Custom architecture and hyperparameters:

python run.py --hidden_dims 256 128 --activation relu --learning_rate 0.01
python run.py --hidden_dims 256 128 64 --momentum 0.9

Hyperparameter sweeps (generates plots for your report):

python run.py --sweep hidden_dim      # width: [32, 64, 128, 256, 512]
python run.py --sweep num_layers      # depth: [1, 2, 3, 4]
python run.py --sweep learning_rate   # lr: [0.001, 0.005, 0.01, 0.05, 0.1]

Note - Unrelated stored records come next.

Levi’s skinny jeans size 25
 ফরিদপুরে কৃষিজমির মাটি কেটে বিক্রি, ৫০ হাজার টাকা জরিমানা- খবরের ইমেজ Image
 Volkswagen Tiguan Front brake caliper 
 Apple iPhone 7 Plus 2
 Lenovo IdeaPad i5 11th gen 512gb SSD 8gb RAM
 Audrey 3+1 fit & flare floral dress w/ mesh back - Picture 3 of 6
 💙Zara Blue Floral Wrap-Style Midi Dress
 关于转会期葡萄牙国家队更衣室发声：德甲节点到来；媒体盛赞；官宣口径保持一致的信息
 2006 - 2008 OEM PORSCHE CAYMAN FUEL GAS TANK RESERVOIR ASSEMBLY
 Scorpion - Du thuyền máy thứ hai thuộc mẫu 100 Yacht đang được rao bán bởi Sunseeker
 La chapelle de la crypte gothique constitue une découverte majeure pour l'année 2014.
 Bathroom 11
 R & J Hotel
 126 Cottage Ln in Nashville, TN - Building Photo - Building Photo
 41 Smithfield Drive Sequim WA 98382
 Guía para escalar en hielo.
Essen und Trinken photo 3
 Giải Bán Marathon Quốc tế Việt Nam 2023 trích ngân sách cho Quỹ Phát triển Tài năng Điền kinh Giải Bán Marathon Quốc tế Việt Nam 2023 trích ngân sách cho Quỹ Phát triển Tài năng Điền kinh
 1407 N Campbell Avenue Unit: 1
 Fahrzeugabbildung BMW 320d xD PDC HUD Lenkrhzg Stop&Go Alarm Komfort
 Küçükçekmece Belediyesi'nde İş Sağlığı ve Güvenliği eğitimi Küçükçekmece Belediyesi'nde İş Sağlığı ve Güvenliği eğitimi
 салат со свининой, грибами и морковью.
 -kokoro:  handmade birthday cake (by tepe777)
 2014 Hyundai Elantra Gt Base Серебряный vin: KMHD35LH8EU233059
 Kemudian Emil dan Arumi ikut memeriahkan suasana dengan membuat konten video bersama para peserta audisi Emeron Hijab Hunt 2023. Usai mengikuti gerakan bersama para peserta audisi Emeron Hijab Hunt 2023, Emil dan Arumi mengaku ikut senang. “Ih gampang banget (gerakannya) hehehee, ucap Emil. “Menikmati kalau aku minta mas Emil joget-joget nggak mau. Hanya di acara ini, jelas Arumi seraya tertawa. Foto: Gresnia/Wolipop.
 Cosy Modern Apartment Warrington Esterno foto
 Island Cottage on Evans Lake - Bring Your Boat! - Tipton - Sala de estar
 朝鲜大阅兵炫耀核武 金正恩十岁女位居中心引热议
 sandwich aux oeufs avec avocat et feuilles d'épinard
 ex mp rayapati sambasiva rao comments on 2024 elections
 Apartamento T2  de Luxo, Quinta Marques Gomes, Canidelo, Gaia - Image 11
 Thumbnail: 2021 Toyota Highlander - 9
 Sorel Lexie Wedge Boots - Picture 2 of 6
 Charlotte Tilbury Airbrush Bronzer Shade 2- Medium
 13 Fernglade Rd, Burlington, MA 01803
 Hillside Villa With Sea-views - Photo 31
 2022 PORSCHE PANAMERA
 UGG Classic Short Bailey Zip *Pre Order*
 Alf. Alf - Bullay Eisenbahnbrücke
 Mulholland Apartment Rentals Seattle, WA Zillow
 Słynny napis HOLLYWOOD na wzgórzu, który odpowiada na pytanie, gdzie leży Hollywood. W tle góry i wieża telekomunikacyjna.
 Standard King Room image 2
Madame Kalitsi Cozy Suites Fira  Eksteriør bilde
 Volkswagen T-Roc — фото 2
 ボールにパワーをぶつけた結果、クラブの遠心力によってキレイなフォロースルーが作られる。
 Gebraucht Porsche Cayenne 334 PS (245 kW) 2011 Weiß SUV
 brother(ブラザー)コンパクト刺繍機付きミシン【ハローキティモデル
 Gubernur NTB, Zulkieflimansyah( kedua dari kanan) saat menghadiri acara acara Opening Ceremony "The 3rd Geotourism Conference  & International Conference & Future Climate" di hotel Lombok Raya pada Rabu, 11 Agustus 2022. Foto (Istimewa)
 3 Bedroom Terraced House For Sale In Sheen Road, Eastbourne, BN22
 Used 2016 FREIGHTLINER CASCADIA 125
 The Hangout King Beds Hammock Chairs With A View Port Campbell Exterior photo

Verify with numerical gradient checks:

cd code
python -m tests.test_cw3

What to Observe

After training, check the outputs in outputs/. You should see:

Accuracy improvement over CW2: a 2-layer MLP (784→128→64→10) achieves ~88–90% vs ~84% for logistic regression
Depth sweep: deeper networks (2–3 hidden layers) outperform single-layer; very deep networks (4+ layers) may not improve further with vanilla SGD
Width sweep: wider layers improve accuracy up to a point; diminishing returns beyond ~256 units on FashionMNIST
Momentum: momentum ≥ 0.9 accelerates convergence — the loss decreases faster in early epochs
ReLU vs Sigmoid: ReLU typically converges faster and reaches higher accuracy; Sigmoid can suffer from vanishing gradients in deeper networks

Think About the Differences

Guiding questions for your report

Backpropagation: trace the gradient of the loss through a 2-layer MLP step by step. What does each layer's backward() compute?
Activation functions: what happens to the ReLU gradient when the pre-activation value is negative? Why does this not occur with Sigmoid, and why does Sigmoid still suffer from vanishing gradients?
Momentum: sketch the velocity update equation. Why does momentum help when gradients point consistently in the same direction?
Depth vs Width: given a fixed parameter budget, is it better to go wider or deeper? What do your sweep results show?

Submission Checklist

layers.py — Linear, ReLU, Sigmoid forward & backward implemented
losses.py — CrossEntropyLoss forward & backward implemented
model.py — MLP init, forward, backward implemented
optimizer.py — SGD with momentum implemented
Gradient checks pass: python -m tests.test_cw3
outputs/ — contains sweep plots and training summaries
report.pdf — using the provided template

Grading Rubric (100 points)

Component	Points
Layer implementations (`layers.py`) — correctness verified by gradient check	40
Loss function (`losses.py`) — forward & backward	10
MLP model (`model.py`) — init, forward, backward	20
SGD optimizer (`optimizer.py`) — step with momentum	15
Gradient checks pass (`python -m tests.test_cw3`)	5
Report — hyperparameter exploration, analysis, comparison with CW2	10
Bonus: weight decay in SGD (capped at 100 total)	+10
Total	100

Academic Integrity & Notes

You must use NumPy only — no PyTorch, no autograd.
Discussing high-level ideas is allowed, but your code must be your own.
Do not share or copy implementations.